The decision in the case Schultz-Hoff (judgement dated 20 January 2009 – docket no. C-350/06), with which the ECJ declared that it is not permissible to limit the term of the claim to holiday or payment in lieu of holiday of an employee unable to work on grounds of a long-term illness, created considerable financial risks for enterprises and, not only for this reason, was the subject of serious criticism. As already announced (cf. Newsletter III/2011), the ECJ has now used a further preliminary ruling to correct its case law and give the employer some points of orientation as to when a claim to payment in lieu of holiday validly expires.
According to the factual situation underlying the decision, the claimant had a holiday claim of 30 working days per year pursuant to the standard industry-wide collective agreement [Einheitlicher Manteltarifvertrag, EMTV] applicable to his employment relationship. In January 2002 the claimant had a heart attack, as a result of which he was declared severely disabled and unable to work. From October 2003 onwards he drew a pension on grounds of a full reduction in his earning capacity and ultimately retired from his employment relationship as per 31 August 2008. In March 2009 the claimant claimed compensation of the paid minimum annual holiday for severely disabled of a total of 25 working days for the years 2006, 2007 and 2008. The employer pleaded the collectively agreed maximum period for carrying over holiday claims of 15 months.

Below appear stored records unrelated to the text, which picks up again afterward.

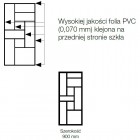Sanswiss Easy ścianka wolnostojąca WALK IN 90 cm czarna Loft 73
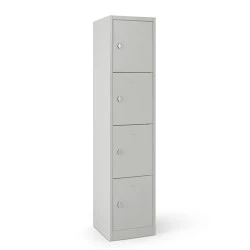Vestiaire multicases 4 cases superposées standard - Larg. 400 mm
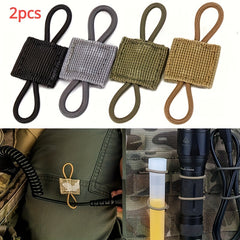 2pcs Elastic Buckle for Antenna Rods, Outdoor Camping Accessories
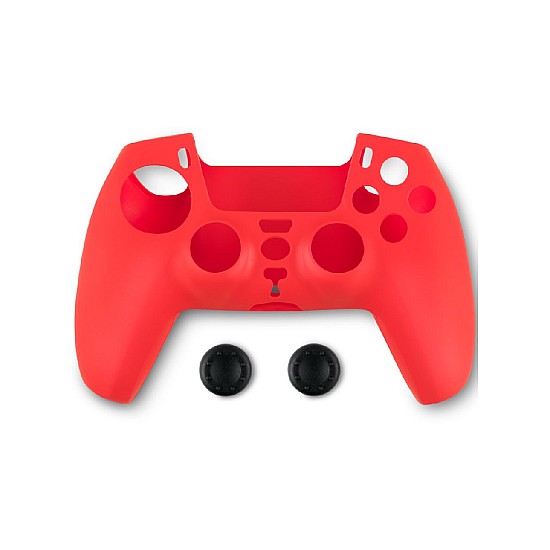 Case Din Silicone For Controller Si Protection For Buttons Spartan Gear Ps5 Red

Whereas the case was successful in the first instance, the Regional Labour Court [Landesarbeitsgericht, LAG] of Hamm, which handled the appeal, suspended the proceedings and essentially presented the ECJ with the question of whether or not a carry-over period of 18 months is reconcilable with European law (in this case, Directive 2003/88).
The ECJ initially declared such a regulation to be invalid in application of its case law in the matter Schultz-Hoff (judgement dated 20 January 2009 – docket no. C-350/06) and that it does not lead to an expiry of the holiday claim. Nevertheless, it saw cause to "nuance" this case law: the employee's interest in having a period for relaxation and free time must be weighed against the risk of the accumulation of excessively long periods of absenteeism for the employer's work organisation. The employee's protected interest requires that the carry-over period clearly exceeds the duration of the reference period for which the holiday claim is granted. At the same time, however, the carry-over period must also prevent an excessive "hoarding" of holiday claims. In the opinion of the ECJ, a carry-over period of 15 months meets these requirements.

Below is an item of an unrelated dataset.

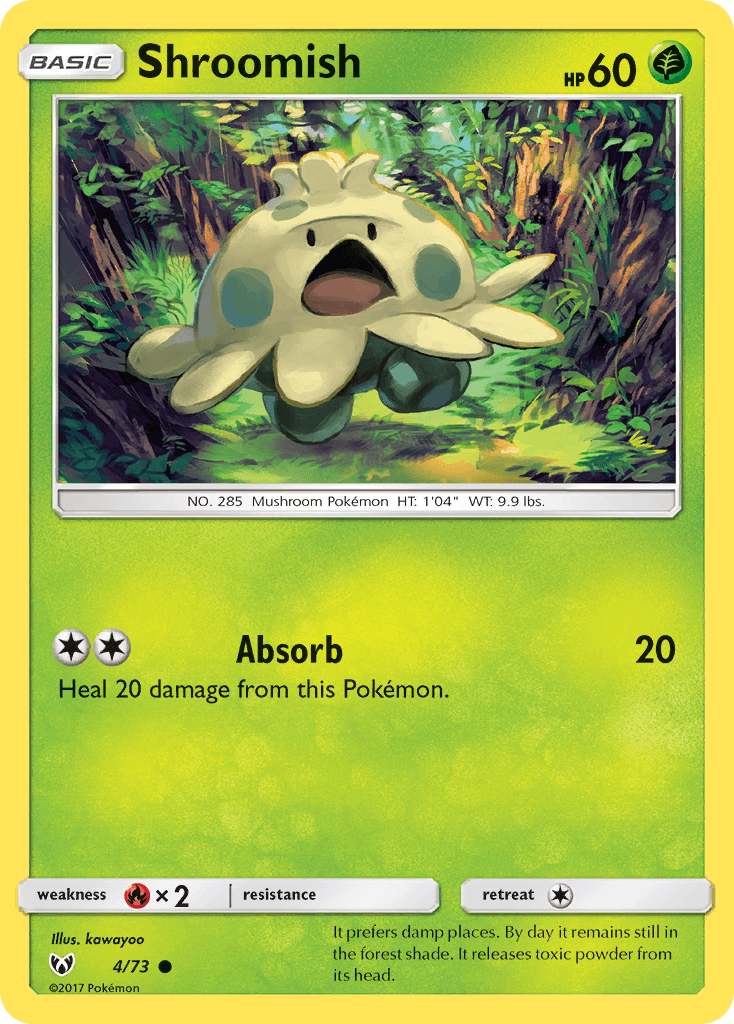 Shroomish Pokémon card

The judgement of the ECJ has provided the long sought after legal clarity. The feared incalculable cost burdens arising from an unlimited retroactive consideration of payment in lieu of holiday for employees with a long-term illness should be excluded in future, insofar as the collective partners ensure as soon as possible that carry-over periods of a term of at least 15 months (in particular in the event that it is impossible for an employee to take holiday on grounds of his illness) are incorporated into the collective agreements.